**PROBLEM STATEMENT:** Repeat only what runs from the line with "Contemporary Glam Dining" through the last line of the data below, both included, keeping every word as it is and leaving out the pictures.
——————————
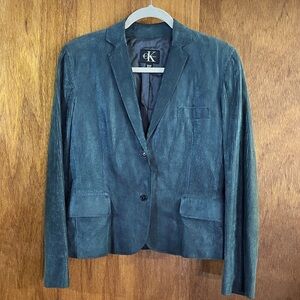 CALVIN KLEIN Green Leather Blazer Jacket Sz 8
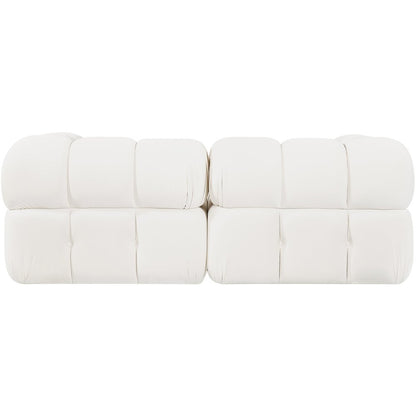Orin Cream Velvet Performance Fabric Upholstered 2 pc. Modular Sofa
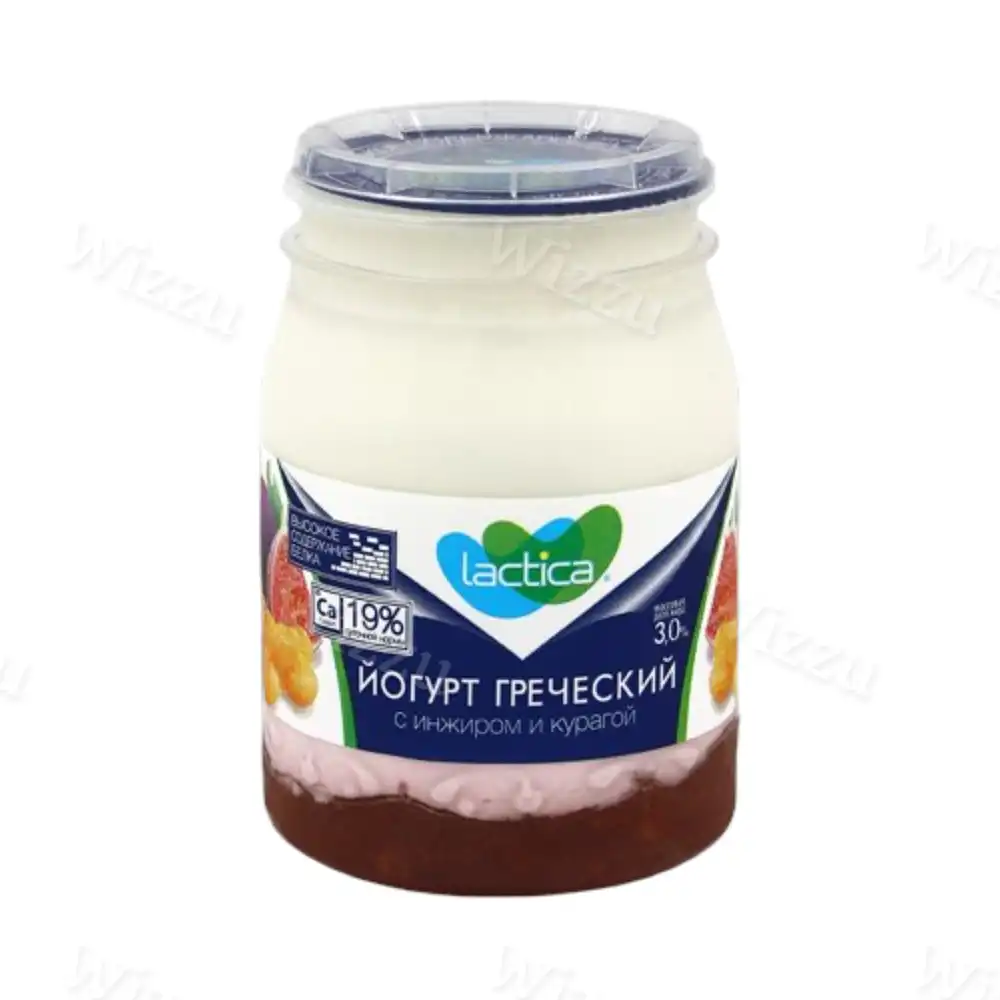 Йогурт Греческий двухслойный "Lactica" с инжиром и курагой 190гр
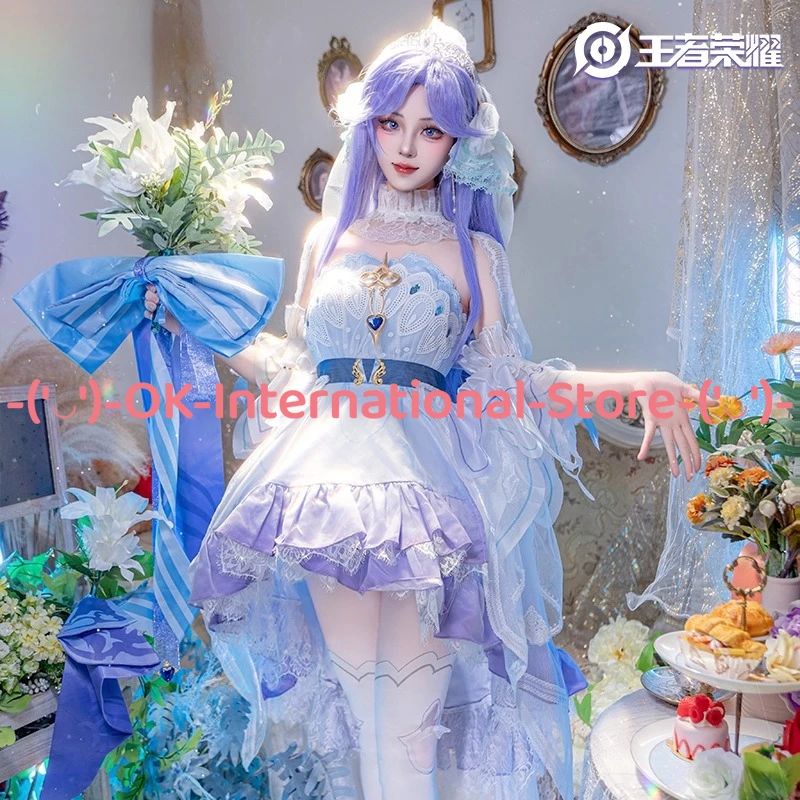 شرف الملوك Da Qiao Daqiao تأثيري حلي الحب الحقيقي زهرة لعبة الزفاف شخصية فستان هالوين كرنفال حفلة موحدة #4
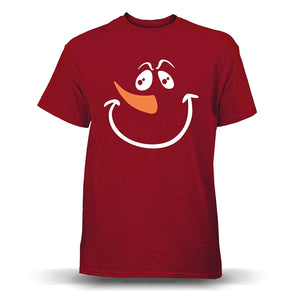 Jolly Snowman Face' Unisex Antique Cherry Red T-Shirt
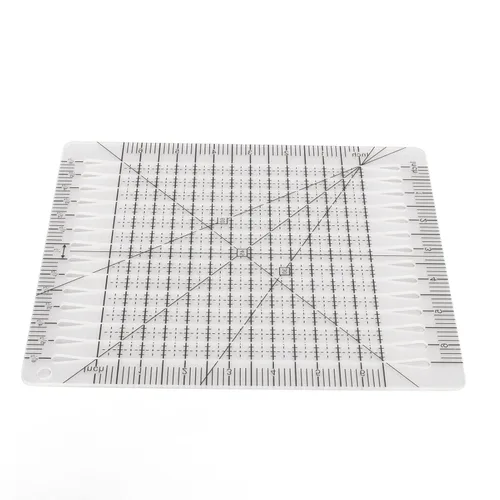 Pssopp Regla de corte con forma encantadora, acrílico transparente, escala precisa, línea de cuadrícula negra, multifunción, regla de colchas, 10.0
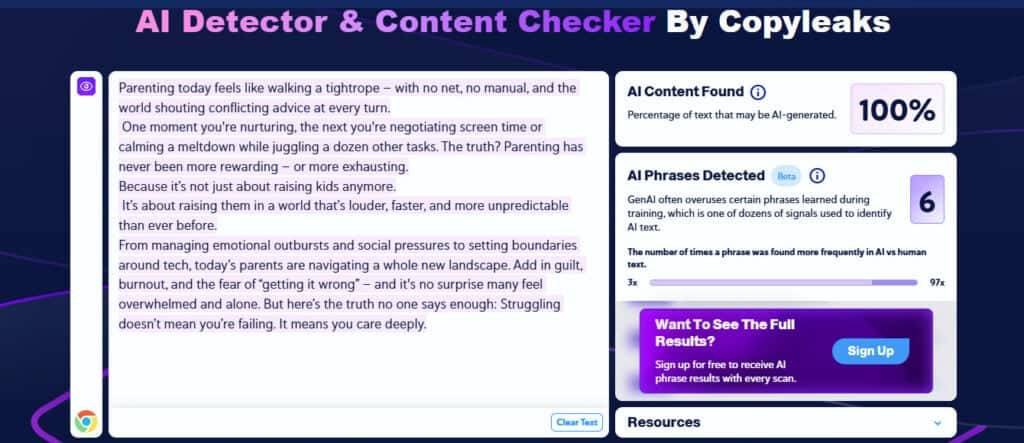 Copyleaks platform dashboard showing plagiarism detection tools and user interface
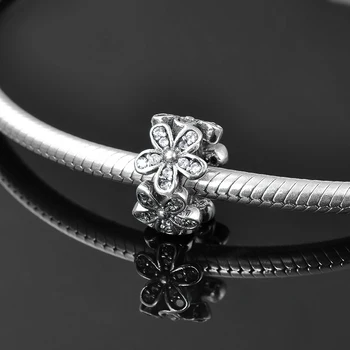 925 Sterling Silver korálky kvet strieborné pozlátené kolo jasné, CZ jemné korálky Fit Pôvodné europeu Kúzlo Náramok Šperky robiť
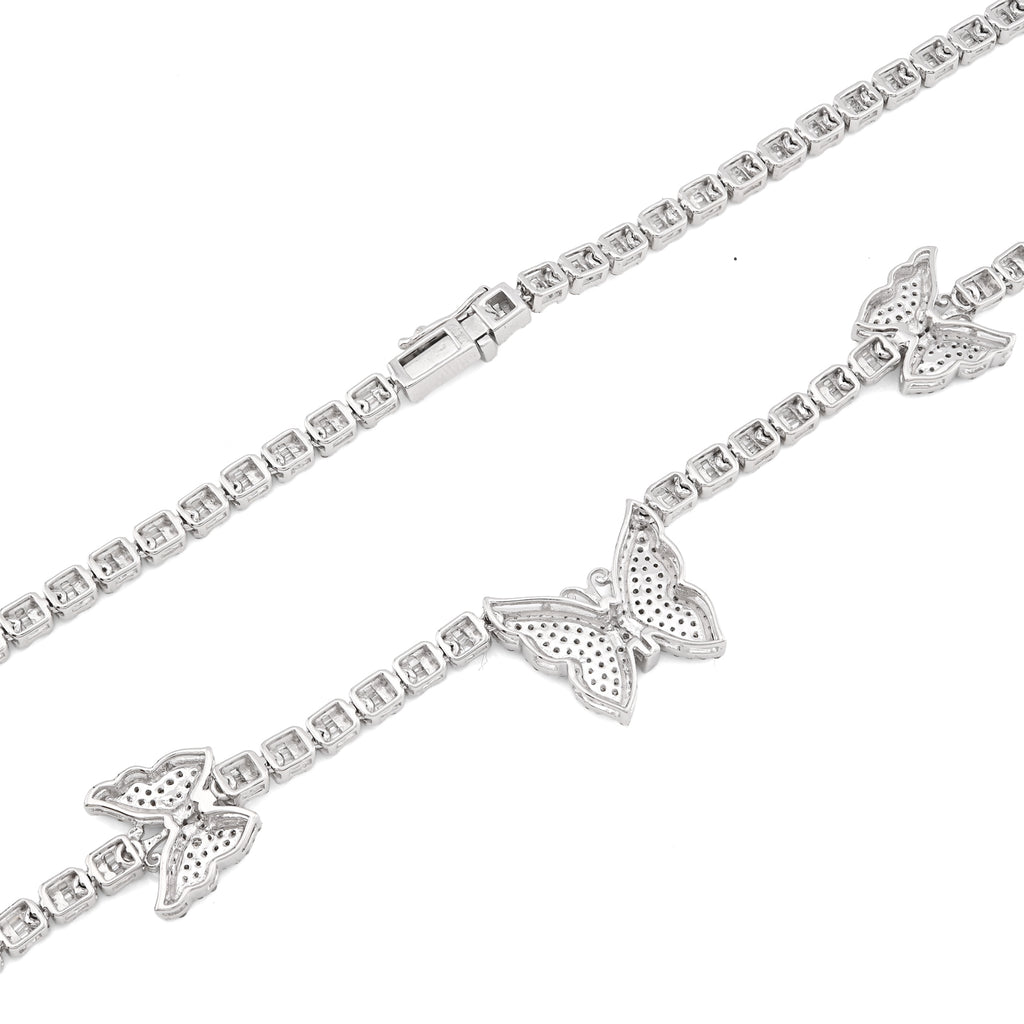 10K White Gold 5.48 CT Round & baguette Natural Diamond Butterfly Tennis Chain 18" Women Necklace 26.5 g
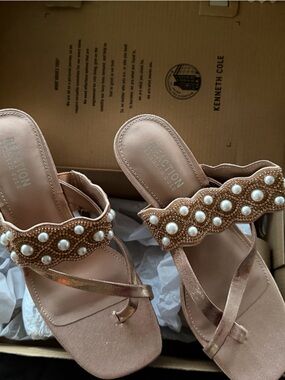 Kenneth Cole women's pearl-embellished sandals in rose gold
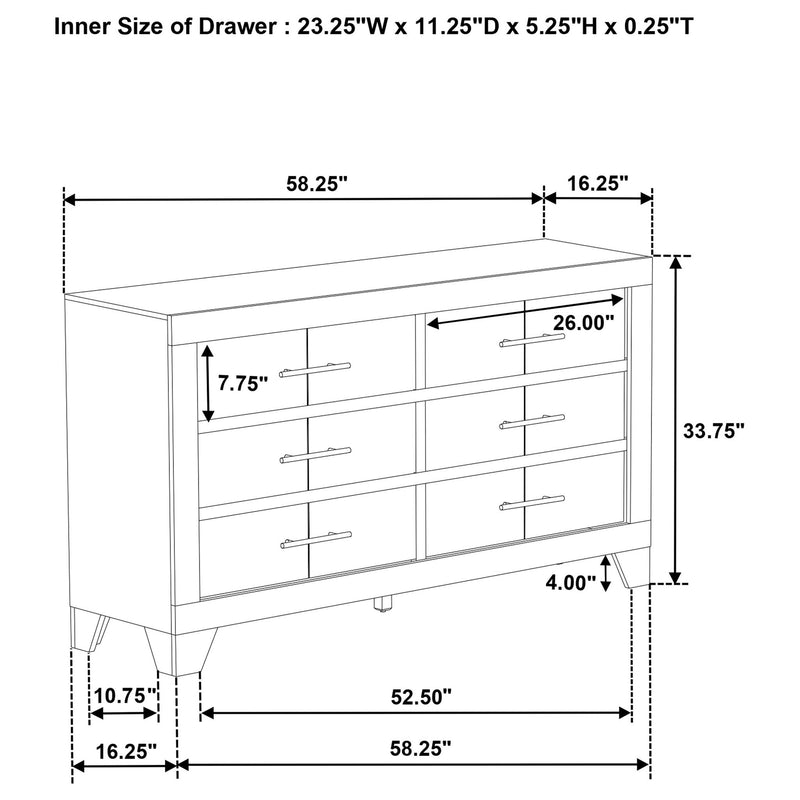 Strout - 6 Drawer Dresser - Cream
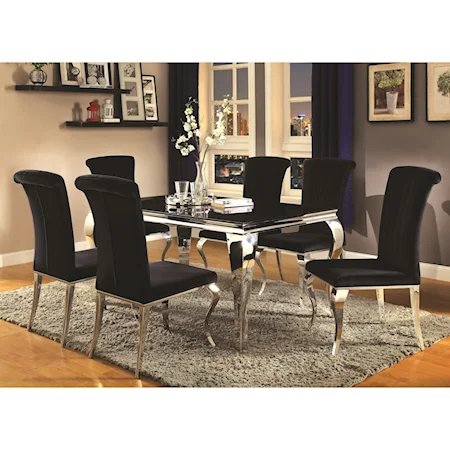 Contemporary Glam Dining Room Set with Upholstered Chairs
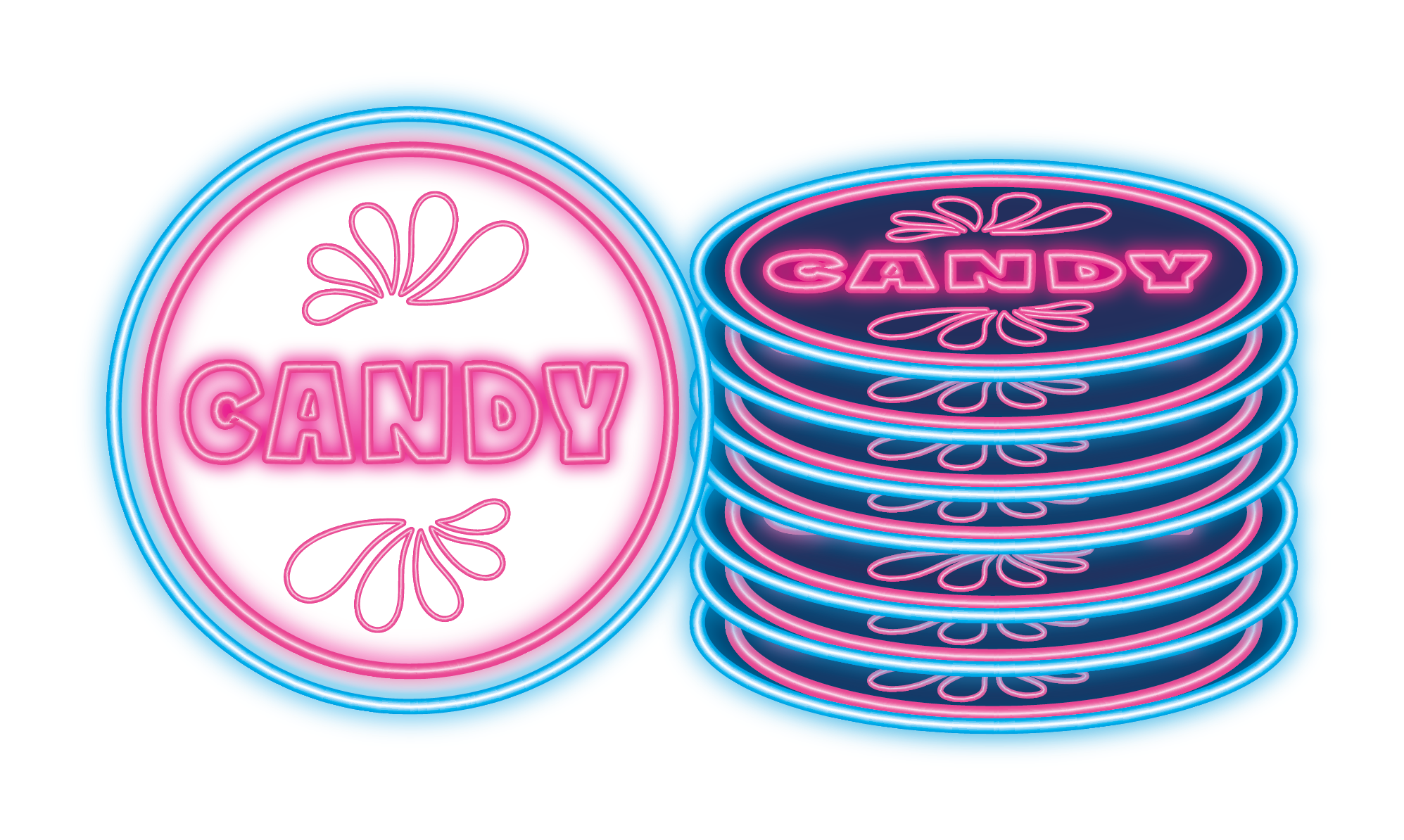 Friends Club Candy Punkte Icon von hitschies in hellblau, pink und dunkelblau 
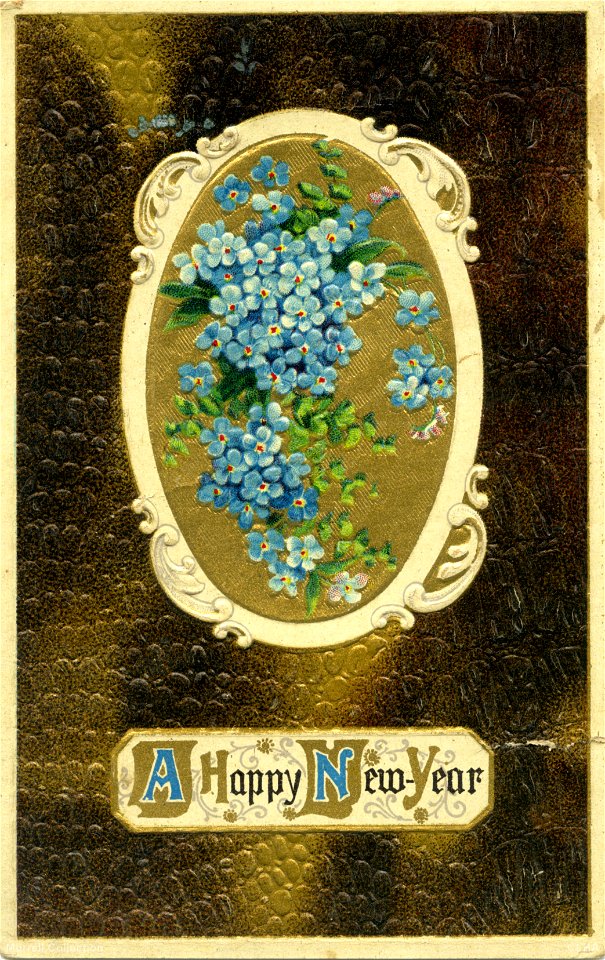 "A Happy New Year" - New Year postcard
——————————
**SOLUTION FOR THIS EXERCISE:**
 Contemporary Glam Dining Room Set with Upholstered Chairs
 Friends Club Candy Punkte Icon von hitschies in hellblau, pink und dunkelblau 
 "A Happy New Year" - New Year postcard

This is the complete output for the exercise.